10/10
A "House Divided" Literally: Apartheid in South Africa in 1948
18 March 2007
Warning: Spoilers
I read CRY, THE BELOVED COUNTRY in high school, and was quite impressed by it's dignified and somber retelling of the tragedy of modern South Africa under the apartheid system that was in place at the time. Alan Paton had a literary and political career in the Union of South Africa, and was opposed to the system that kept down the native Black Africans while the native white Africans ruled them. His novel was quite shocking in his home country, and led to his being forbidden to be published there. Now he seems remarkably prescient.

The novel was made into a film in 1951, which I never saw.
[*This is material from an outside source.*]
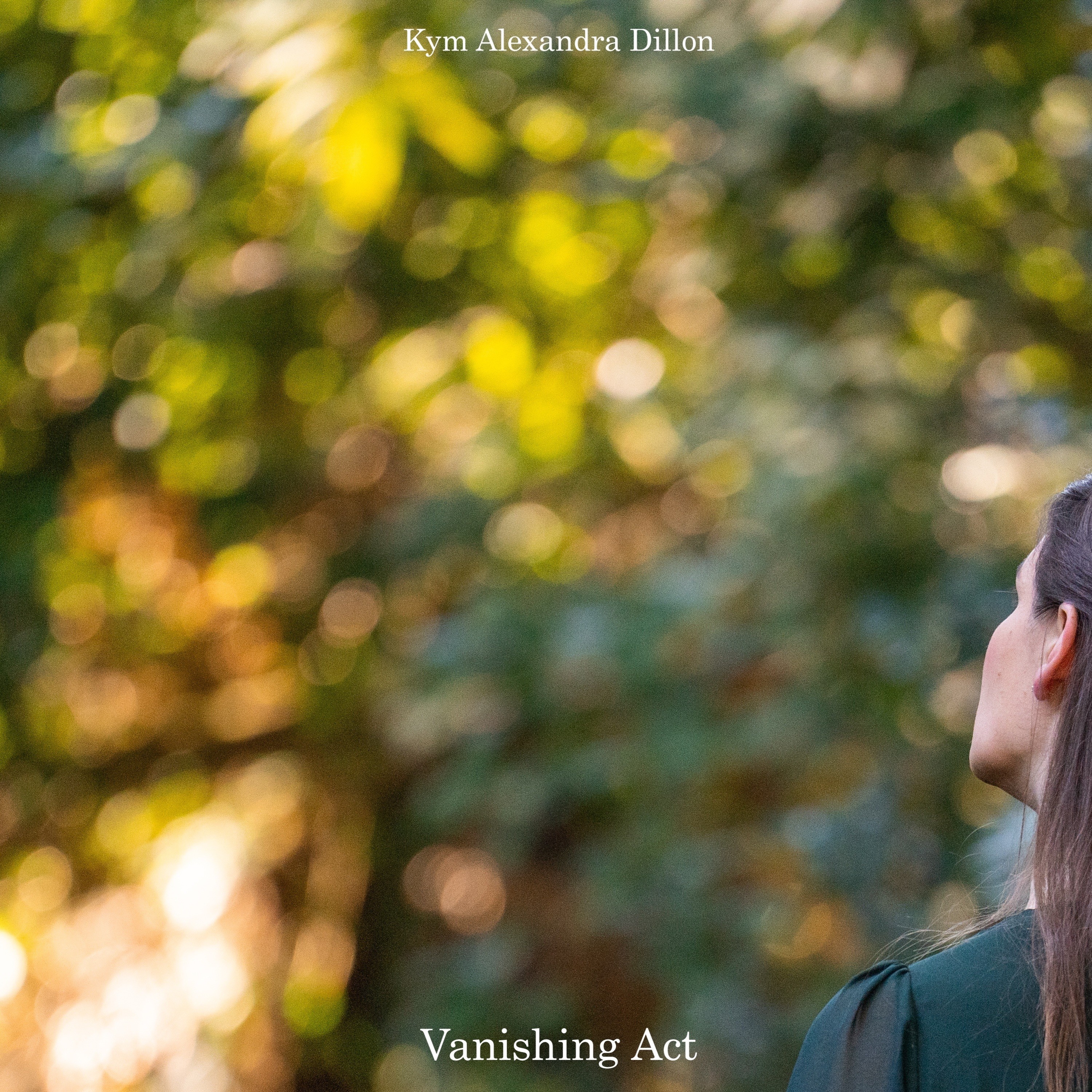 Vanishing Act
But I have finally seen this version today and while it whittles down the plot a bit, it's emphasis on the dual tragedy of the Kumalo and Jarvis families actually enhances the effect.

James Earl Jones plays Rev. Stephen Kumalo, an honorable man from the countryside who goes to Johannisburg to find his son Absolom. From the start we see contrasts. The beauties and glories of the magnificent veld v. the dirt and grime of the city. The large home of the Jarvis family as opposed to the poor homes of Rev. Kumalo.
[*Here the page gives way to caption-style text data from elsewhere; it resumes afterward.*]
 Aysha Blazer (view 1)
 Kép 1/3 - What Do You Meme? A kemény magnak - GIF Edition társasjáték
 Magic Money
Rev. Kumalo goes to an address in one of the slums of Johannisburg that the Blacks were forced to live in. He tries to trace his son, with the assistance of a fellow minister, Rev. Msimangu ( Vasi Kunene) and gets less helpful assistance from his brother John Kumalo (Charles S. Dutton). The latter is a local politician, but is soon revealed to be an opportunist and crook.

Eventually Rev. Kumalo finds his son has been in trouble with the police, and recently released from a reformatory. This was due to Absolom having a pregnant girlfriend. The Reverend traces his son to the girlfriend, but she has not heard from him for a few days. The next thing that the Reverend hears is that Absolom and two others (including the son of John Kumalo) were involved in a burglary murder that resulted in the death of Ian Jarvis.
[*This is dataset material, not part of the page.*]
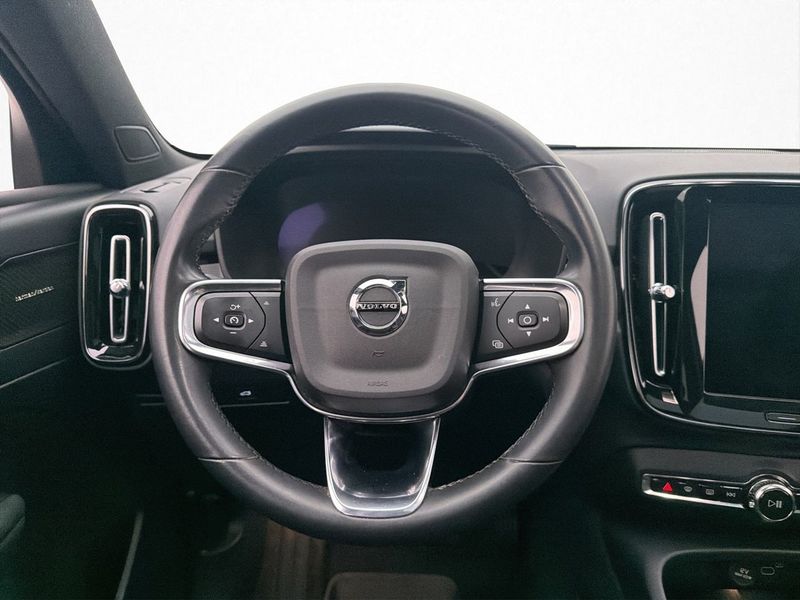 Volvo XC40 bild 19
Tom Jarvis, long used to accept the harsh separation of the races as natural, comes to a stunning discovery - his son's posthumous condemnation of the social system of South Africa as one to abhor as it breeds crime and hatred. The discovery of this side to his son leads him to slowly find a bridge uniting him with Rev. Kumalo, as they both find the system destroy their boys.

One has to see the film to understand this bridging of the the lives of the fathers (ironically neighbors who rarely knew each other or each other's families in the "normal" period). One also sees the warning that Paton instilled in his readers: Rev. Msimangu's fear that when the White race finally turns to love the Black race will only accept hate.

Much is dropped of the four hundred fifty page novel, such as Paton's ritualistic use of descriptions again and again (which can't be translated to film successfully) or plot threads regarding the final break between the Reverend and his brother John, or the Reverend trying to trace other lost children from the town (one is mentioned briefly). But the somberness of the tragedy of Absolom, who with Ian become joint blood sacrifices to a racist state is total. The performances of Jones and Harris are equally effective. Altogether a first rate film version of the novel.